Laporte called the Northern District the “national leader in its use of magistrate judges, who carry the highest civil caseload in the federal system with consent of the parties.”
“I cannot thank the judges and the staff enough. I am also honored to be part of the outstanding legal community that practices before our Court,” she said.
Laporte, a Princeton University and Yale Law School alumna, served as an administrative law judge for the California Department of Insurance and chief of special litigation for the San Francisco City Attorney’s Office prior to taking the federal bench. Laporte also clerked for U.S. District Judge Marilyn Hall Patel of the Northern District and was a policy planner and economist at the Federal Trade Commission.
Laporte is among the leading legal thinkers on e-discovery issues in the district and nationwide. The judge served as a judicial observer for the Sedona Conference Working Group on Electronic Document Retention and was a member of the Federal Circuit’s Bench & Bar E-Discovery Committee. Last year, she co-chaired the Federal Judicial Center and Electronic Discovery Institute’s Judicial Training Program. For her efforts, she earned the Judicial Leadership Award from the Electronic Discovery Institute in 2015.
Four years ago, she launched the Northern District’s Women Attorneys Advocacy Project, which seeks to promote gender equity in the legal community.

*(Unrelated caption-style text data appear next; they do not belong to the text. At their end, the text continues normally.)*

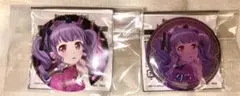 宇田川あこ 缶バッジ 信澤収展 バンドリ Roselia - メルカリ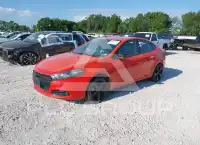 2015 Dodge DART фото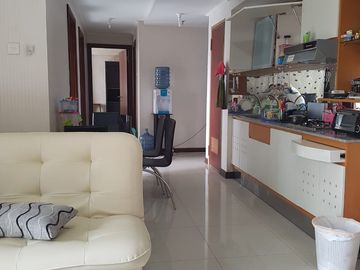 Disewakan Apartemen Waterplace Residence Tower A Tipe 3BR, Surabaya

Laporte will leave big shoes to fill, said Northern District Chief Judge Phyllis. Hamilton in a statement. “Among other things, she has provided a huge contribution in her handling of patent and other IP cases and has led the court in its development of our ESI (e-discovery) procedures,” she said. “Magistrate Judge Laporte, moreover, is one of the reasons that magistrate judges in our District perform such a wide variety of judicial work and handle so many consent cases. She will be missed, but she leaves the Court in a better place because of her commitment to our mission and to the overall goal of excellence in the administration of justice.”
To fill her vacancy, the court will request appointment approval from the Administrative Office of the U.S. Courts.